[Crawled caption data]
■ ■ ■ ■ ■ ■ ■

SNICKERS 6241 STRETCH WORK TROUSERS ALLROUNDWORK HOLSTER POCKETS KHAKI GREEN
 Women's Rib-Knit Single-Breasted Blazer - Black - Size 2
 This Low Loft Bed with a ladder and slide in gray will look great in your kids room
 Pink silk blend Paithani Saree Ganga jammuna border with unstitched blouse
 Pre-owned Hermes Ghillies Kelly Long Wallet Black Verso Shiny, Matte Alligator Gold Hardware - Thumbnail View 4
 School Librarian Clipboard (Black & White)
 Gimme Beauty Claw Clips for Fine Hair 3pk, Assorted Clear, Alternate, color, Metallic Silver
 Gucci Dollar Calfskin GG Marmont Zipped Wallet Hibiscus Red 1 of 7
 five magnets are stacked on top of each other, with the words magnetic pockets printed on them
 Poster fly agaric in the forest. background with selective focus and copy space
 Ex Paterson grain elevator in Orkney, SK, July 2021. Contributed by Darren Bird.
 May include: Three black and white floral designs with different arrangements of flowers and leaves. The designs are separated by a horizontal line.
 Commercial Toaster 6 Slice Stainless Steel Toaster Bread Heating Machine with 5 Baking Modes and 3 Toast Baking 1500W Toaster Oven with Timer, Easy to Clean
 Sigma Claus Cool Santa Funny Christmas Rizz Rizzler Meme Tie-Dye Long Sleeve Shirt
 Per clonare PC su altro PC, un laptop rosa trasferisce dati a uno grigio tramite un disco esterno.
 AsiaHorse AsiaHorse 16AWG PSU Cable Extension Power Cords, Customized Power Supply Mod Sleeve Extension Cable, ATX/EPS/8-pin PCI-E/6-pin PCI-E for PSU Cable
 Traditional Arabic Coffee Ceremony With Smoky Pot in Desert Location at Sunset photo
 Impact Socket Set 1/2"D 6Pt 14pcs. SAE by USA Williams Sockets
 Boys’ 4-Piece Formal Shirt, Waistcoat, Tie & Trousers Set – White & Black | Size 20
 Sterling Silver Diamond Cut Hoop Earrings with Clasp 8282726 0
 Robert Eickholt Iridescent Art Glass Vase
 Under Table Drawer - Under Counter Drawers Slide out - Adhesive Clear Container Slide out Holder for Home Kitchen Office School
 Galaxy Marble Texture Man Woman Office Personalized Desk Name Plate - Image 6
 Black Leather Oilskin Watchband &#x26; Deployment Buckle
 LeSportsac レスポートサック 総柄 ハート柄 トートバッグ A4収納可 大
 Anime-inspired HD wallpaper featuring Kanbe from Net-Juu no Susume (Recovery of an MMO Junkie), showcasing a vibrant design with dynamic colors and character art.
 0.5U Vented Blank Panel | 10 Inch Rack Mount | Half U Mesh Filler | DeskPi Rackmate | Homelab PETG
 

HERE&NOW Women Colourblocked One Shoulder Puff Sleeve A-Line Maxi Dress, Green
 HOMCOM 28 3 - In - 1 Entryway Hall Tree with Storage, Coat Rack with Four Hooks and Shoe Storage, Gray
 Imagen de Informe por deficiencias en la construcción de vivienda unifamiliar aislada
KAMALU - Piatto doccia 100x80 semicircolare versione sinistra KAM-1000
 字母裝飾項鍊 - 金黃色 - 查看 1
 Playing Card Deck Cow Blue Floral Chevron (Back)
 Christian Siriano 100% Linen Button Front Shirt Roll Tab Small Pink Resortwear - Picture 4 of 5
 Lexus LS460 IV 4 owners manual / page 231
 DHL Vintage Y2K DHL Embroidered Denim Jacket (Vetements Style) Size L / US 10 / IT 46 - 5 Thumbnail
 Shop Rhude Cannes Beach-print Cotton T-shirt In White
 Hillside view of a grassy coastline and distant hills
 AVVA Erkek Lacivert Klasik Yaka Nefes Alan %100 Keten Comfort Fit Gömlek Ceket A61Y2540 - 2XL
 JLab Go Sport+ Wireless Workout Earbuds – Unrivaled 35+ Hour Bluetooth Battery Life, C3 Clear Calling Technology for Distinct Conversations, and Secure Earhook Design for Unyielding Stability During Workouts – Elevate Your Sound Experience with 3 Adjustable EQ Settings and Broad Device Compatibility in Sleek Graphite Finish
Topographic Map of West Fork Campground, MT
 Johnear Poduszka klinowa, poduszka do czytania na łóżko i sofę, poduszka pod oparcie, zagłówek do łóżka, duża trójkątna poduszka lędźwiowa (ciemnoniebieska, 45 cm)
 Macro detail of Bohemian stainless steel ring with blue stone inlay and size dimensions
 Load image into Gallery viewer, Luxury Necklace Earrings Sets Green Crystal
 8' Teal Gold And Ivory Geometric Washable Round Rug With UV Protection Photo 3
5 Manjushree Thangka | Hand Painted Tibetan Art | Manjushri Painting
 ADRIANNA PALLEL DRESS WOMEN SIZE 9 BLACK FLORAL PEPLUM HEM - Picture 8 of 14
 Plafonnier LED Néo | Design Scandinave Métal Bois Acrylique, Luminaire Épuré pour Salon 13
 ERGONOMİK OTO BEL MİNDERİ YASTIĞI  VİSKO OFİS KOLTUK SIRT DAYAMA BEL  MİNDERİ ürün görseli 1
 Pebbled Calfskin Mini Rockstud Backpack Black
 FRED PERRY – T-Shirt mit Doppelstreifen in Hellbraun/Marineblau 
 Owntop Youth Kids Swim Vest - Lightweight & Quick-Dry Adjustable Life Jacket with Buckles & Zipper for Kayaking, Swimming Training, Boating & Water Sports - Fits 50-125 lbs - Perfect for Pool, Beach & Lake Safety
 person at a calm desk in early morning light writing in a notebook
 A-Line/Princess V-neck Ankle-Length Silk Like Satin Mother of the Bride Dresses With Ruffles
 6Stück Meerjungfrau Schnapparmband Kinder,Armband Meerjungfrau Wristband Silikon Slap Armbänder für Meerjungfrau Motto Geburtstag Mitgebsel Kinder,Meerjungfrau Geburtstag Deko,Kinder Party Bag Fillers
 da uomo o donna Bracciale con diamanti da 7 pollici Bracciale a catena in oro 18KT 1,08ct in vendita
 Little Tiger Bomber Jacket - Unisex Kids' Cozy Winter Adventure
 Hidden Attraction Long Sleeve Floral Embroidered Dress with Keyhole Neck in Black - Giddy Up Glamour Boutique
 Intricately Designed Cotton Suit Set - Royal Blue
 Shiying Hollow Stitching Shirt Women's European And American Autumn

■ ■ ■ ■ ■ ■ ■

Exercise directions –
Which lines run from the one holding "Anime-inspired HD wallpaper" through the one holding "8' Teal Gold" in the records above? Repeat them exactly, both included, and nothing more.

Exercise response –
 Anime-inspired HD wallpaper featuring Kanbe from Net-Juu no Susume (Recovery of an MMO Junkie), showcasing a vibrant design with dynamic colors and character art.
 0.5U Vented Blank Panel | 10 Inch Rack Mount | Half U Mesh Filler | DeskPi Rackmate | Homelab PETG
 

HERE&NOW Women Colourblocked One Shoulder Puff Sleeve A-Line Maxi Dress, Green
 HOMCOM 28 3 - In - 1 Entryway Hall Tree with Storage, Coat Rack with Four Hooks and Shoe Storage, Gray
 Imagen de Informe por deficiencias en la construcción de vivienda unifamiliar aislada
KAMALU - Piatto doccia 100x80 semicircolare versione sinistra KAM-1000
 字母裝飾項鍊 - 金黃色 - 查看 1
 Playing Card Deck Cow Blue Floral Chevron (Back)
 Christian Siriano 100% Linen Button Front Shirt Roll Tab Small Pink Resortwear - Picture 4 of 5
 Lexus LS460 IV 4 owners manual / page 231
 DHL Vintage Y2K DHL Embroidered Denim Jacket (Vetements Style) Size L / US 10 / IT 46 - 5 Thumbnail
 Shop Rhude Cannes Beach-print Cotton T-shirt In White
 Hillside view of a grassy coastline and distant hills
 AVVA Erkek Lacivert Klasik Yaka Nefes Alan %100 Keten Comfort Fit Gömlek Ceket A61Y2540 - 2XL
 JLab Go Sport+ Wireless Workout Earbuds – Unrivaled 35+ Hour Bluetooth Battery Life, C3 Clear Calling Technology for Distinct Conversations, and Secure Earhook Design for Unyielding Stability During Workouts – Elevate Your Sound Experience with 3 Adjustable EQ Settings and Broad Device Compatibility in Sleek Graphite Finish
Topographic Map of West Fork Campground, MT
 Johnear Poduszka klinowa, poduszka do czytania na łóżko i sofę, poduszka pod oparcie, zagłówek do łóżka, duża trójkątna poduszka lędźwiowa (ciemnoniebieska, 45 cm)
 Macro detail of Bohemian stainless steel ring with blue stone inlay and size dimensions
 Load image into Gallery viewer, Luxury Necklace Earrings Sets Green Crystal
 8' Teal Gold And Ivory Geometric Washable Round Rug With UV Protection Photo 3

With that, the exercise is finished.